Между тем финляндский тальман назначил на 15 сентября созыв новой сессии распущенного сейма. Предстоял неизбежный рецидив конфликта. В Гельсингфорсе собрался Совет матросских и солдатских депутатов с участием командиров русских частей, и постановили придерживаться своей старой резолюции о невмешательстве и об отказе служить орудием в руках великодержавной власти для репрессий против финнов. Положение Некрасова и всего нашего правительства было не то что трудно, а неприглядно. Генерал-губернатор, однако, рискнул. Он приказал запечатать здание сейма. Этого было явно недостаточно, судя по прецеденту. Но большего он не мог сделать, а меньшего ни за что не хотел. В день созыва сейма печати по приказанию тальмана были без труда сорваны. Депутаты проникли в залу при помощи подобранных ключей, открыли заседание, приняли законы о правах верховной власти, о еврейском равноправии, о рабочем страховании, о восьмичасовом рабочем дне. Всего заседали 35 минут, а затем разошлись, условившись вновь собраться по созыву тальмана, независимо от распоряжений русских властей… Надо сказать, что в заседании участвовало одно левое крыло, социал-демократы. Буржуазные партии de verbo[154] были лояльны «верховной власти», a de facto хотели сорвать принятие одиозных законов. Впрочем, кворум был налицо, и постановления имели законную силу…
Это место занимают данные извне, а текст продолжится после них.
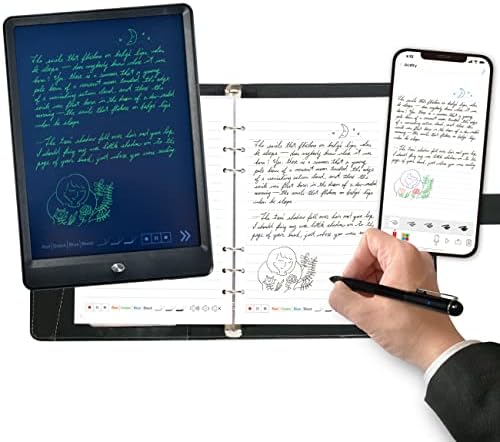 Сет за пишување на паметни пенкани Офаја 3 во 1, вклучува таблети за пишување SmartPen, паметен тетратка и еднократно пишување, користете
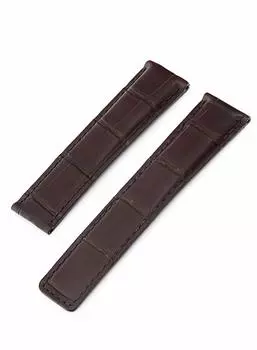 CASSIS Crocodile leather watch strap Waterproof material on the back TYPE TGH 22mm Dark brown Replacement tool included X2402339034022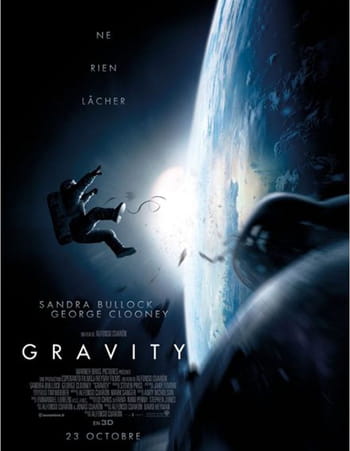 l'affiche du film 'gravity'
Опять-таки намерения директории были глубоко предосудительны, но возможностей осуществить их не было, и получился конфуз, как с разгрузкой, как с эвакуацией, как с роспуском военно-революционных комитетов, как с закрытием газет.
Однако в конечном счете физиономию директории определяли не методы ее управления, а ее основное занятие в течение трех недель. Основным же ее занятием было конструирование нового правительства … Керенский, воплощавший «совет пяти», «стиснув зубы», смотрел на подготовку Демократического совещания, которое должно было разделить его ризы. Но он, из преданности революции, конечно, и не думал уступать Смольному поле сражения. Керенский действовал. Своего любимого занятия он не оставлял ни на минуту – с первого же момента создания директории, когда он вопреки решению ЦИК печатно заявил, что «правительство будет пополнено». Керенский действовал, но только действовать ему приходилось с опаской и с оглядкой.
Самый факт этой деятельности министра-президента означал открытый конфликт со Смольным. Но не лишен интереса и самый ход дел… Прежде всего надо отметить, что назначения, сыпавшиеся как из рога изобилия, касались не одних только министров. Формально Керенский, пожалуй, имел право жаловать посты вне кабинета. Но по существу…
Место начальника штаба Верховного главнокомандующего занял ныне генерал Духонин – о нем я не слышал и не читал ничего дурного. Но вот известный автор провокаторской телеграммы о потоплении неблагонадежных кораблей – капитан Дудоров, разоблаченный нынешним министром Вердеревским. Этого господина Керенский произвел в адмиралы и назначил на важнейший пост в Японию… Еще более кричащим и бьющим по нервам демократии было назначение кадета Маклакова. Этот правейший кадет и заведомый активный корниловец получил пост нашего посла в Париже. Комментарии тут излишни. Но эта наглость, впрочем, даром не прошла. Левая печать, при моем личном участии, выпустила такой залп по избраннику, а особенно по избравшим, что назначение было тут же взято обратно. И даже разъяснено: ввиду несочувствия левых элементов.